Short web captions
------------------------------------------------------------
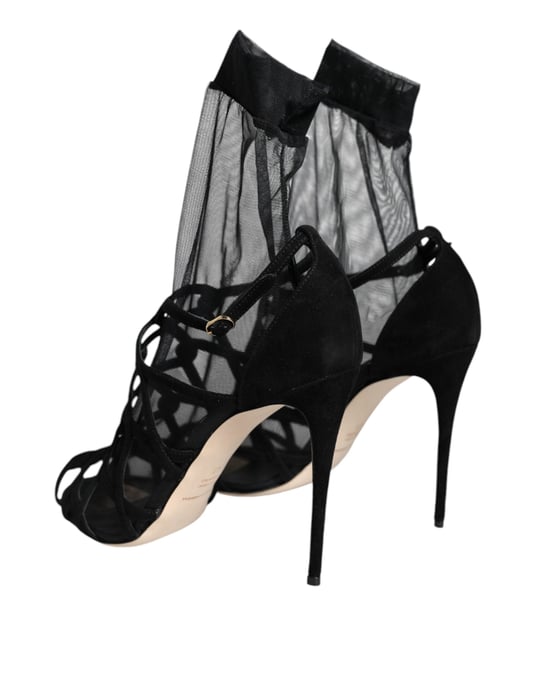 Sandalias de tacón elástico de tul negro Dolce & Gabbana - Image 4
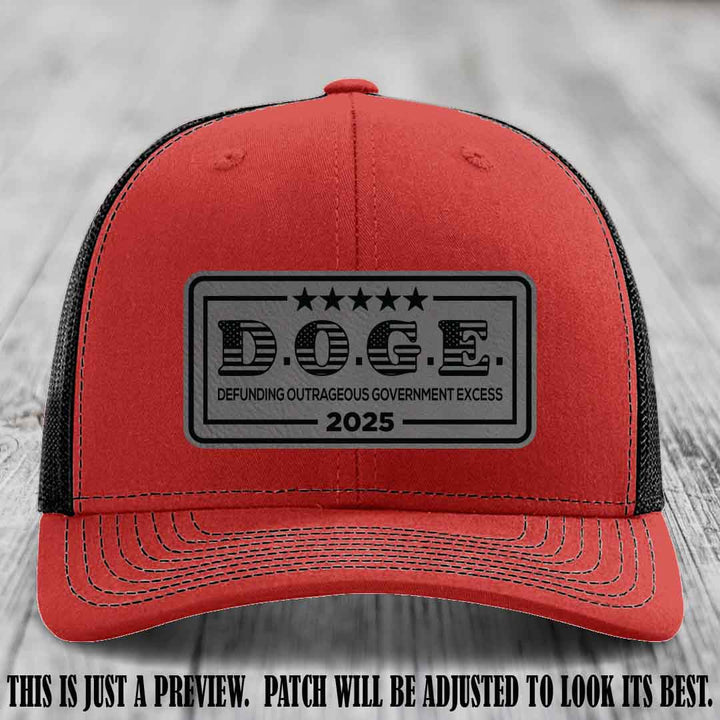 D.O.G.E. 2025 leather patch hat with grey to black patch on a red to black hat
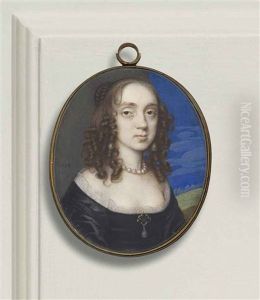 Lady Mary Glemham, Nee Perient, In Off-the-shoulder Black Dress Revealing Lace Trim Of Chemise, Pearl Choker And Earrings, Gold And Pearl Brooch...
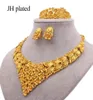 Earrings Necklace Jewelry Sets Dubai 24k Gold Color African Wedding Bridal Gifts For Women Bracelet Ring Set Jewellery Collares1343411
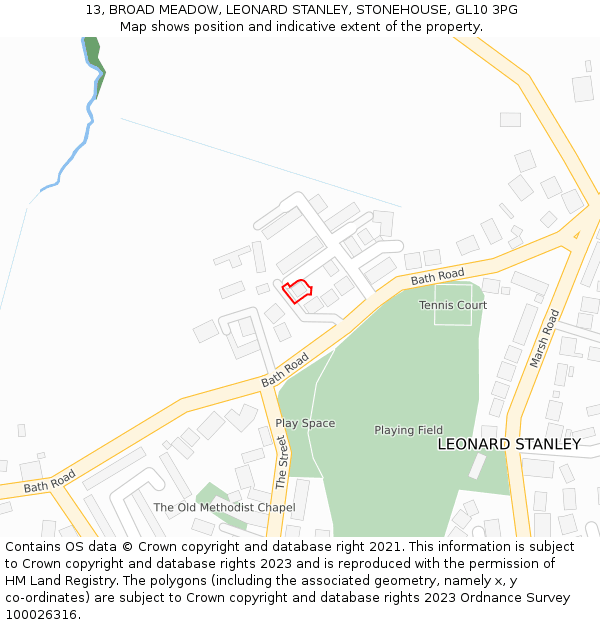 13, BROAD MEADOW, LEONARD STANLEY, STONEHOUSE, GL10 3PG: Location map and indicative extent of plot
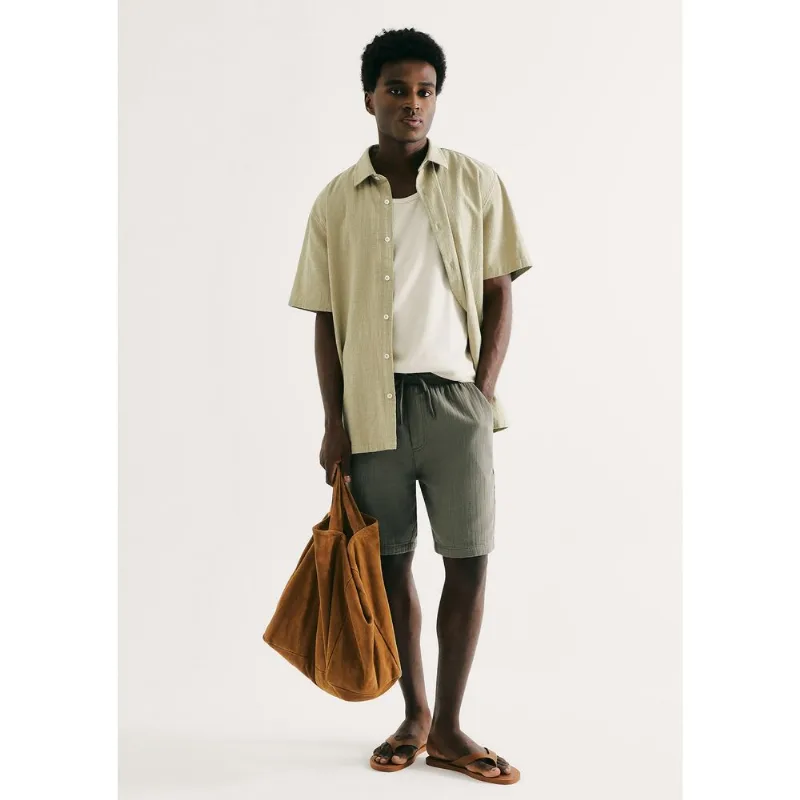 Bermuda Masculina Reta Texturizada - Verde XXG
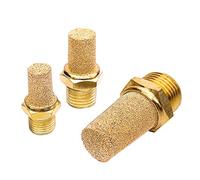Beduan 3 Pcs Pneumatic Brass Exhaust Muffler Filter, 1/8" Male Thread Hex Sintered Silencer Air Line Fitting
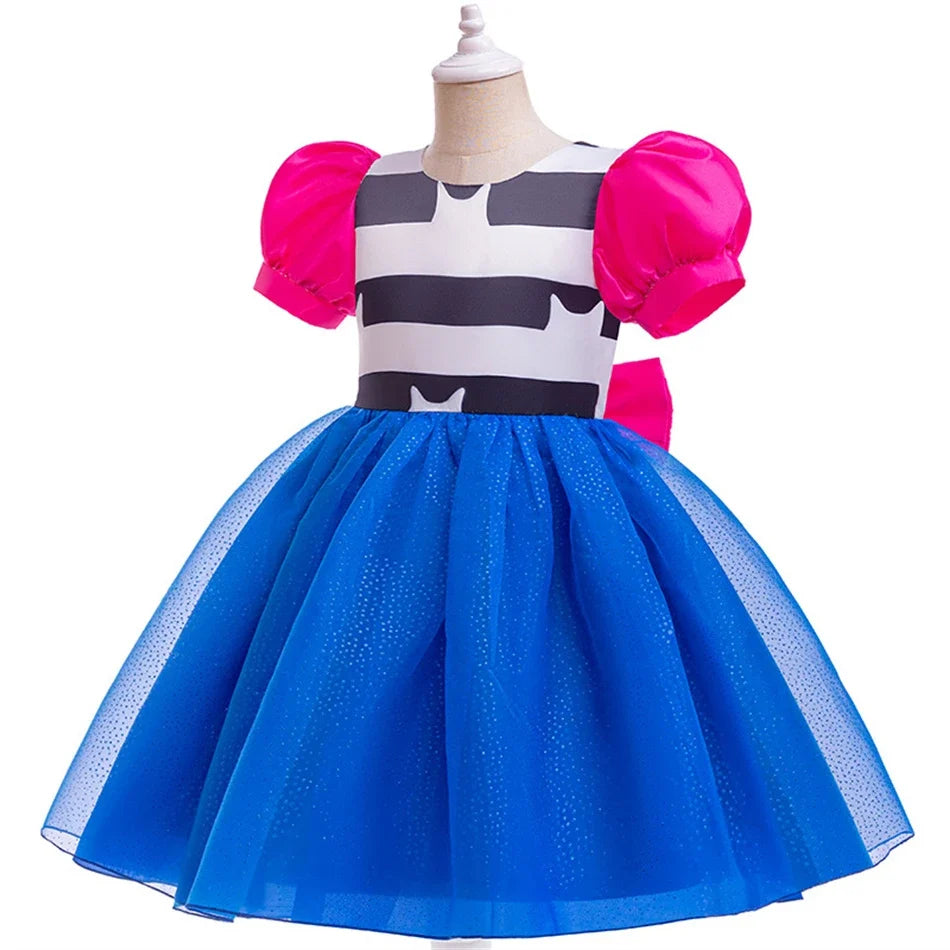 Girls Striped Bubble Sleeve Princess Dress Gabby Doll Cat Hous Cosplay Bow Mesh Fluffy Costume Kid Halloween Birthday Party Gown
------------------------------------------------------------
• _What is required_:
Write out exactly the lines from the one that contains "13, BROAD MEADOW, LEONARD" through the last line of the data above, both included. Leave every picture out.

• _Expected answer_:
 13, BROAD MEADOW, LEONARD STANLEY, STONEHOUSE, GL10 3PG: Location map and indicative extent of plot
 Bermuda Masculina Reta Texturizada - Verde XXG
Beduan 3 Pcs Pneumatic Brass Exhaust Muffler Filter, 1/8" Male Thread Hex Sintered Silencer Air Line Fitting
 Girls Striped Bubble Sleeve Princess Dress Gabby Doll Cat Hous Cosplay Bow Mesh Fluffy Costume Kid Halloween Birthday Party Gown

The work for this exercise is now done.